Twenty-Four

237 24 10
                                    

Pemakaman Winter berjalan tertutup. Hanya kerabat dan teman dekat saja yang menghadiri pemakaman itu. Paman dan bibi Winter menyambut para tamu dengan perasaan yang cukup terpukul. Kedua orang tua Winter sudah lama meninggal, sehingga pria itu hanya diasuh oleh paman dan bibinya.

Zae hanya menatap peti mati itu dengan tatapan kosong. Setelah orang-orang itu pergi, polisi datang bersamaan dengan Jonah dan Zoe. Namun, itu semua sudah terlambat. Winter telah pergi untuk selamanya.

"Mana bisa aku tersenyum bahagia tanpamu, Winter," gumamnya pelan. Air mata kembali menitik dari manik mata keemasan itu. Ia menundukan kepalanya.

Sebuah tangan mengelus punggungnya berusaha menenangkan. Pria itu mendekap Zae dengan sayang.

"Kau baik-baik saja?" tanyanya khawatir.

Zae menggeleng pelan. "Ini semua salahku, Dad."
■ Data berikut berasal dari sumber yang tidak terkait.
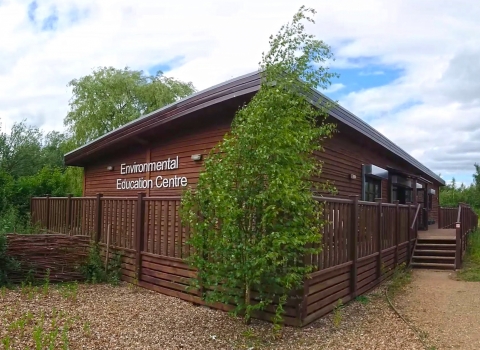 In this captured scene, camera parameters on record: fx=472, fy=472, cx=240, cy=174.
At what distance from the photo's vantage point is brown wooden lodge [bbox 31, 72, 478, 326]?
7.12 metres

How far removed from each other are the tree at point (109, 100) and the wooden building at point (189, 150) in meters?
11.6

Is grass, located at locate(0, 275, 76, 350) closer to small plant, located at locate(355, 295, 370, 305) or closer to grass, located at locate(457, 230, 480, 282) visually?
small plant, located at locate(355, 295, 370, 305)

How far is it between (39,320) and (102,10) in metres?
5.90

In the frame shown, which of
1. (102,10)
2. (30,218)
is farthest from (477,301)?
(30,218)

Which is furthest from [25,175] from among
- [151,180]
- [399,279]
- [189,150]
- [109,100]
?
[399,279]

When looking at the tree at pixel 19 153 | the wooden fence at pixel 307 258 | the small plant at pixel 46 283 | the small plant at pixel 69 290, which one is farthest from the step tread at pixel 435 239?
the tree at pixel 19 153

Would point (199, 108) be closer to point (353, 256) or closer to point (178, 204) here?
point (178, 204)

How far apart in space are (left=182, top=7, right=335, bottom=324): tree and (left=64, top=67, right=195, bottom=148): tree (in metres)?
21.2

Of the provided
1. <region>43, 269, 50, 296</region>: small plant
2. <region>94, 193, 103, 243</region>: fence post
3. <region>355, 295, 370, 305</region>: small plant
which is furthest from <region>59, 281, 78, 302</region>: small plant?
<region>355, 295, 370, 305</region>: small plant

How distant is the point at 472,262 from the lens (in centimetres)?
1247

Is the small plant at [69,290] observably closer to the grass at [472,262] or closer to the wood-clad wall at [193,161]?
the wood-clad wall at [193,161]

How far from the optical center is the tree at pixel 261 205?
5.30m

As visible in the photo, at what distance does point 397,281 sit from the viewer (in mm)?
9289

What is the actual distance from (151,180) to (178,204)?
446 centimetres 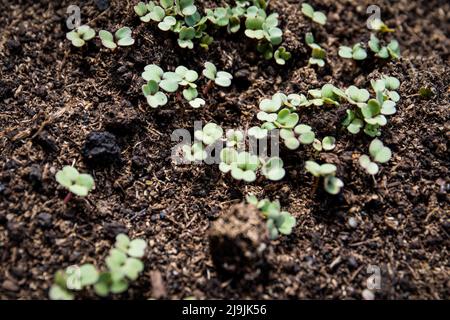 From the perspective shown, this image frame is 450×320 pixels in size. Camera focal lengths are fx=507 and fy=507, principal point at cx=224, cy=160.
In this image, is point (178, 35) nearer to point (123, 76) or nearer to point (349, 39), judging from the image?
point (123, 76)

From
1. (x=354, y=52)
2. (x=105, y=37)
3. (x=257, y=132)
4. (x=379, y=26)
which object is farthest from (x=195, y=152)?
(x=379, y=26)

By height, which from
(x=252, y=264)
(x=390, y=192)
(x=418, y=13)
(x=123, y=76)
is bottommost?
(x=252, y=264)

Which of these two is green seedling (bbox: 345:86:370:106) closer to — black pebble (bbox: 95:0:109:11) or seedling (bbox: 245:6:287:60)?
seedling (bbox: 245:6:287:60)

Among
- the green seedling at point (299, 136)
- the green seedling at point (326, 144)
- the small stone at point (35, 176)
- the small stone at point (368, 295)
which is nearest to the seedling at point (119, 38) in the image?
the small stone at point (35, 176)

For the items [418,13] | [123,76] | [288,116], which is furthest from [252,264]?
[418,13]

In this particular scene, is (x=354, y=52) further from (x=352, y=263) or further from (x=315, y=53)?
(x=352, y=263)

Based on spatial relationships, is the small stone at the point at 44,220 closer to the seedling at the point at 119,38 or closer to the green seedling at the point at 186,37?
the seedling at the point at 119,38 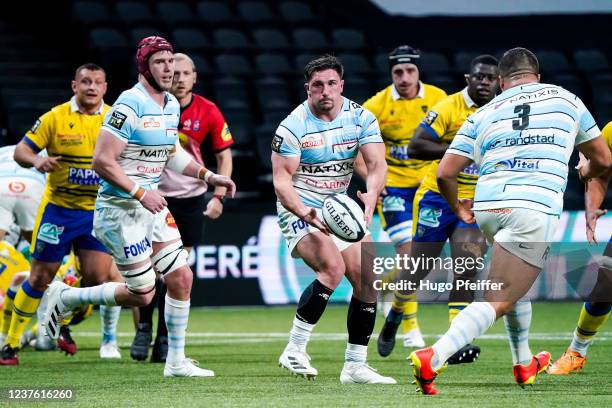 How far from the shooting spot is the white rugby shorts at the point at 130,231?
8.34 m

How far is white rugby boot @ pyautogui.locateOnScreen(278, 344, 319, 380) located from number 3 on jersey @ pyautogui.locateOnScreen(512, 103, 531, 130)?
210cm

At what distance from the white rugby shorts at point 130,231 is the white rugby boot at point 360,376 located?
1650 mm

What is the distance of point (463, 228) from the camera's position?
31.9 feet

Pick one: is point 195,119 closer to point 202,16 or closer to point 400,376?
point 400,376

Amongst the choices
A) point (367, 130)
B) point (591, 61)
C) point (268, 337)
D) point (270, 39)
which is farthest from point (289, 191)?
point (591, 61)

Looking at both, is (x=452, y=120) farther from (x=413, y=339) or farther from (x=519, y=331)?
(x=519, y=331)

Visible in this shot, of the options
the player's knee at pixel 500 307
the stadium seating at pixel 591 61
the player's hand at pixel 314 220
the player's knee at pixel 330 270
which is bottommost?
the player's knee at pixel 330 270

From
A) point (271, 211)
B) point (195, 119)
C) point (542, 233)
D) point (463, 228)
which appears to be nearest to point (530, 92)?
point (542, 233)

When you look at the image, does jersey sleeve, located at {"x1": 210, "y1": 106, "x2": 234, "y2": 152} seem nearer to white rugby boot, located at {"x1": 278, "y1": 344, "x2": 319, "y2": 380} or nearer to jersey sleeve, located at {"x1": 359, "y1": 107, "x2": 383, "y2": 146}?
jersey sleeve, located at {"x1": 359, "y1": 107, "x2": 383, "y2": 146}

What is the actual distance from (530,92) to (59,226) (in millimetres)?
4178

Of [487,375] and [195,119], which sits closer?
[487,375]

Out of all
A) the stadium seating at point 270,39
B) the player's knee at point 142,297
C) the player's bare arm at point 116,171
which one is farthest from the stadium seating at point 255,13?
the player's bare arm at point 116,171

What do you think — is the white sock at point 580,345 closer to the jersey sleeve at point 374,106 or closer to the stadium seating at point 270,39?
the jersey sleeve at point 374,106

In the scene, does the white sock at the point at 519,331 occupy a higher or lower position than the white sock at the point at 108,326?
higher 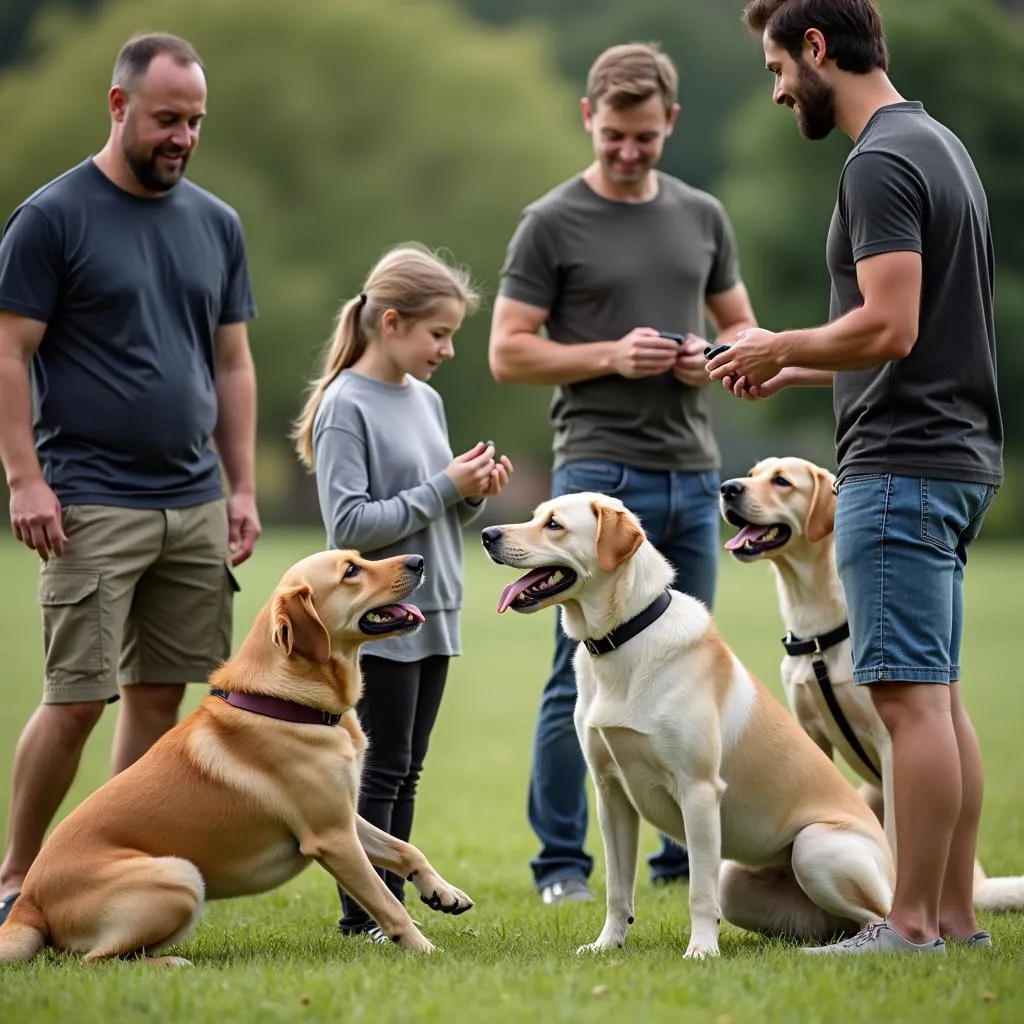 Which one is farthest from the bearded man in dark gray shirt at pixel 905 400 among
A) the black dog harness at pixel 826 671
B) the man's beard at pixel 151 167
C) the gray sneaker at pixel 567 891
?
the man's beard at pixel 151 167

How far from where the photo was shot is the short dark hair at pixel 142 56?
6.07m

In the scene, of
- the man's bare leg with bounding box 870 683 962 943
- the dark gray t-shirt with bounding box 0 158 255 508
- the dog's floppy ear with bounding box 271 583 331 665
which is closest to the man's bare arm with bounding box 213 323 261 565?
the dark gray t-shirt with bounding box 0 158 255 508

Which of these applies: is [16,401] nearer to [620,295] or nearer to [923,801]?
[620,295]

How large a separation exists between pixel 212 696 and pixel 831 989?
2339mm

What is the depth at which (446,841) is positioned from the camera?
8.39 m

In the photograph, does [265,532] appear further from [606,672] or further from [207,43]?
[606,672]

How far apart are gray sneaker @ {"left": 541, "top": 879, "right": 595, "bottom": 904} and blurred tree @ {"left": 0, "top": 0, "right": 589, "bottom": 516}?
118 ft

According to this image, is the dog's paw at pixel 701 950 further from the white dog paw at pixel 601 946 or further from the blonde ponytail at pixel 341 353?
the blonde ponytail at pixel 341 353

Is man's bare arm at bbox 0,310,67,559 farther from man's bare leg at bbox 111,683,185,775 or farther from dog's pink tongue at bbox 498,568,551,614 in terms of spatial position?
dog's pink tongue at bbox 498,568,551,614

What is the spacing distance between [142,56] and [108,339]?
1133 mm

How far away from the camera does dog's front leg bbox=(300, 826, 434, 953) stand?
5066 mm

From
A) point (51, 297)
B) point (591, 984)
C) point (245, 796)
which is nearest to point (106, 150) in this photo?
point (51, 297)

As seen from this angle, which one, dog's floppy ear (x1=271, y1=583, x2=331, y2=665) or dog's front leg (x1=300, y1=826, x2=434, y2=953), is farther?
dog's floppy ear (x1=271, y1=583, x2=331, y2=665)

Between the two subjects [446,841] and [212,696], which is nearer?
[212,696] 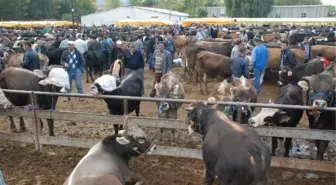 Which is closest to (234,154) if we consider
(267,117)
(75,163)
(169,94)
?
(267,117)

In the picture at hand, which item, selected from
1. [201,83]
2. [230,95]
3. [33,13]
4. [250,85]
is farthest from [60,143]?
[33,13]

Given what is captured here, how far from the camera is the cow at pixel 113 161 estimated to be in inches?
154

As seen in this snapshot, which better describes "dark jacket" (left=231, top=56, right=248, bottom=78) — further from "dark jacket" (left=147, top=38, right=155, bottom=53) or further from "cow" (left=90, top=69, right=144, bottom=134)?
"dark jacket" (left=147, top=38, right=155, bottom=53)

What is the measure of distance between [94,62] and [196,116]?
10.4m

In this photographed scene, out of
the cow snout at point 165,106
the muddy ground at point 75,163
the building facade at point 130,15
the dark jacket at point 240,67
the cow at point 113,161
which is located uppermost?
the building facade at point 130,15

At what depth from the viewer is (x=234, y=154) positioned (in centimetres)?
386

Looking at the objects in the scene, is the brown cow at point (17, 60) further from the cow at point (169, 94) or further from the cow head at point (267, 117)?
the cow head at point (267, 117)

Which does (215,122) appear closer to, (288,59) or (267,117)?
(267,117)

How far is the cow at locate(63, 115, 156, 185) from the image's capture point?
392cm

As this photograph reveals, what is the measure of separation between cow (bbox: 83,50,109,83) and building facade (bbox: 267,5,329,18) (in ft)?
266

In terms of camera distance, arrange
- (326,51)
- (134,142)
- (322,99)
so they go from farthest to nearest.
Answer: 1. (326,51)
2. (322,99)
3. (134,142)

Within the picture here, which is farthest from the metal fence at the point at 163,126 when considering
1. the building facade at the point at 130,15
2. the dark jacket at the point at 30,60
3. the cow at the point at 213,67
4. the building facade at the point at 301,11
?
the building facade at the point at 301,11

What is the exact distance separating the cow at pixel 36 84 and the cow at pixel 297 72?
226 inches

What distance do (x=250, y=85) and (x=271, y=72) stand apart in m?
6.91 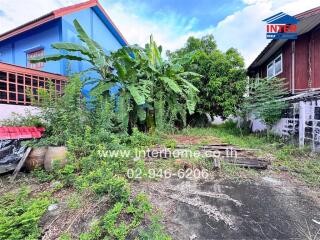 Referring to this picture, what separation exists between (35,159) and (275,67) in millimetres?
10459

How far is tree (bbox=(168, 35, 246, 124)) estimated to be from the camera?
859 centimetres

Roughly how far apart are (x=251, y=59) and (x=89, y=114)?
10.6 meters

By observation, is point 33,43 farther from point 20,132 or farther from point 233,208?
point 233,208

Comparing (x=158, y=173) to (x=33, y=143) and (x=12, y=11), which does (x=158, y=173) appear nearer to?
(x=33, y=143)

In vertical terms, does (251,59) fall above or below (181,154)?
above

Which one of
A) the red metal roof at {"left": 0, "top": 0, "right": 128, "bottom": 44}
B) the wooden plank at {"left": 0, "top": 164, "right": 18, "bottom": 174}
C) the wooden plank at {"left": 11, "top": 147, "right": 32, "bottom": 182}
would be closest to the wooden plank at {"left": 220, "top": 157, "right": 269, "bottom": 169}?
the wooden plank at {"left": 11, "top": 147, "right": 32, "bottom": 182}

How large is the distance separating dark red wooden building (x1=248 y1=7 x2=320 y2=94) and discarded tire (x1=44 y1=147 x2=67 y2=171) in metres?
8.22

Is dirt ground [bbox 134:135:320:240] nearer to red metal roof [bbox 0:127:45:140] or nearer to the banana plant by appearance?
red metal roof [bbox 0:127:45:140]

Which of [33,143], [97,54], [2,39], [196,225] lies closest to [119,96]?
[97,54]

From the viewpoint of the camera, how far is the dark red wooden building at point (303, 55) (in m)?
6.62

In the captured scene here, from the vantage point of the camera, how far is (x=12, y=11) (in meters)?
7.65

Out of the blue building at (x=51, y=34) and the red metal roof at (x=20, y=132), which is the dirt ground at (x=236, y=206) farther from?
the blue building at (x=51, y=34)

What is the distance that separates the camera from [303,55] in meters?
7.20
"Ini bukan salahmu, Zae. Polisi akan segera menangkap mereka." Troyes mengecup kening anak gadisnya. "Jadi, jangan terus menyalahkan dirimu sendiri. Winter pasti tidak akan menyukainya."

Zae tidak menjawab ayahnya. Ia hanya menatap ke depan dengan perasaan sakit. Pastor pun akhirnya datang untuk memimpin ibadah. Orang-orang duduk di tempat mereka masing-masing.

Zae hanya mengikuti alur ibadah itu. Ia saat ini tidak bisa merasakan apapun selain kesedihan yang mendalam. Winter... Zae tahu pria itu tidak pernah menyalahkannya. Ia mungkin salah satu penyebab kematian Winter. Tapi, pria itu sampai akhir hayatnya bahkan berkata bahwa ia mencintai Zae.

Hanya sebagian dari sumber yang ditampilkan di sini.